Email Response Drafting
/draft-response [email-subject]
This command:
- Locates the email in Apple Mail
- Reads thread context
- Loads customer intelligence
- Drafts response in my voice (direct, helpful, actionable)
- Includes relevant templates
Time saved: 15-20 minutes per complex email.
The Tech Stack
Languages & Frameworks:
- Python 3.11 (agents, automation)
- TypeScript/Node (Next.js websites)
- Bash (AppleScript bridge scripts)
AI & LLMs:
- Claude AI (Claude Code CLI interface)
- Anthropic API (embedded in PAI agents)
- Model Context Protocol (MCP) for tool integration
Data & Storage:
- Markdown files (notes, customers, projects)
- JSON (structured data, configurations)
- SQLite (agent logs, analytics)
- Git (version control for everything)
Integrations:
- Things 3 (task execution)
- Apple Notes (daily records, meeting notes)
- Google Workspace (Gmail, Calendar, Drive, Docs)
- GitHub (code projects)
- Vercel (website deployments)
Deployment:
- macOS launchd agents (scheduled tasks)
- Local filesystem (no cloud dependency)
- Secure credentials in
~/.config/
Results
After 6 months of building and iterating:
Time Savings:
- Morning planning: 30 min → 5 min (83% reduction)
- Meeting prep: 20 min → 3 min (85% reduction)
- Email responses: 15 min → 5 min (67% reduction)
- Weekly review: 60 min → 20 min (67% reduction)
Outcome Improvements:
- Daily win rate: 45% → 78% (33% increase)
- Customer responsiveness: Same-day replies went from 60% → 95%
- Project completion: Shipped 3 major projects in Q4 2025
Cognitive Load:
- Zero "what should I work on?" moments
- Complete customer context every time
- No forgotten tasks or dropped balls
- Clear quarterly progress tracking
Lessons Learned
1. Start With Pain Points
Don't build infrastructure for the sake of it. I built PAI because I was drowning in context switching.
2. Use The Right Tool For The Job
- Things 3 for execution (best Mac app, period)
- Apple Notes for daily records (native, fast, searchable)
- Claude AI for intelligence (best reasoning model)
- Python for automation (fast to write, easy to maintain)

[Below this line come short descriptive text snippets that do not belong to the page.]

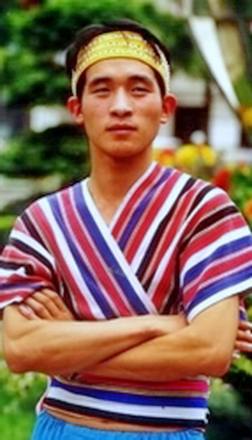 独龙族服饰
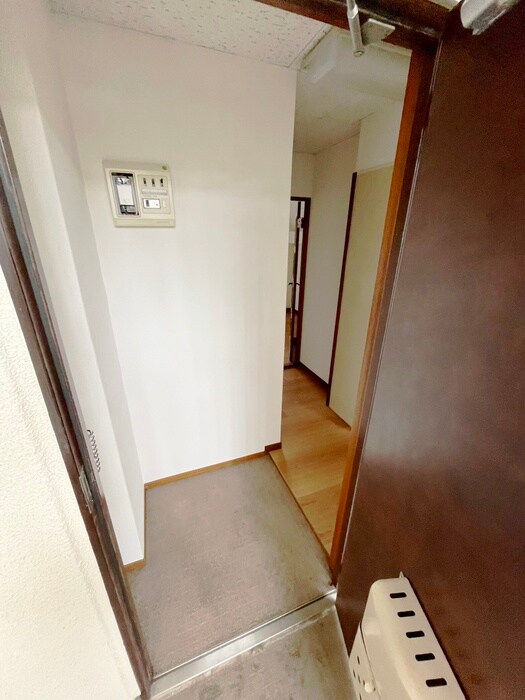 物件内観写真19　(玄関)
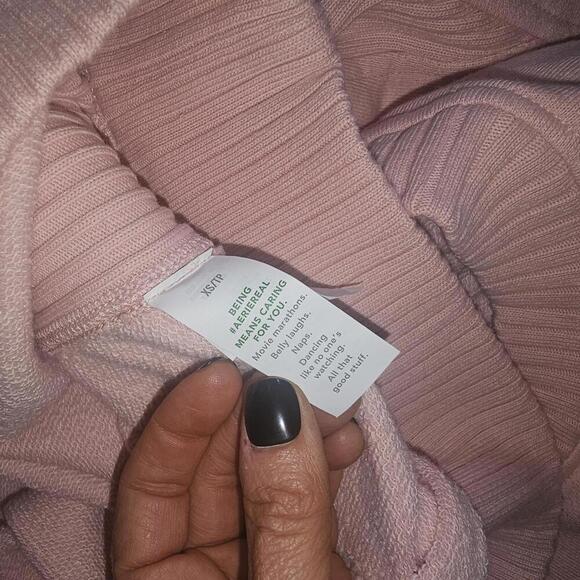Aerie Women's Crewneck Sweatshirt - Picture 6 of 7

3. Make It Stupidly Simple
Every workflow should be:
- One command to execute
- Clear output format
- Actionable next steps
If it's complex, I won't use it.
4. Iterate Relentlessly
PAI v1 was bash scripts and text files. v2 added Python agents. v3 integrated Claude Code. v4 added memory system.
Each version solved a new pain point.
5. Document Everything
When a command does something useful, I document it. When a decision is made, I log it. Future me (and future Claude) thanks past me.
What's Next
Phase 3: Advanced integrations (calendar intelligence, email management skill)
Phase 4: Content & publishing workflows (blog automation, social media)
Phase 5: Analytics & insights (pattern detection, productivity metrics)
Phase 6: Open source components (skills library, agent templates)
Want to Build Your Own?
PAI is personal—it's tailored to my exact workflow. But the principles are universal:
- Map your workflow - Document your daily/weekly routines
- Identify repetitive tasks - Where do you waste time?
- Choose your tools - What do you already use?
- Start small - One automation at a time
- Iterate based on usage - Build what you actually use
I'm happy to share more details on specific components. Hit me up at wayne@freebeer.ai or check out my GitHub.
Tech Note: This entire blog post system (including this post) was built and deployed in under 2 hours using Next.js 15, MDX, and Vercel. The PAI system helped me scope it, write it, and ship it. Meta? Yes. Useful? Absolutely.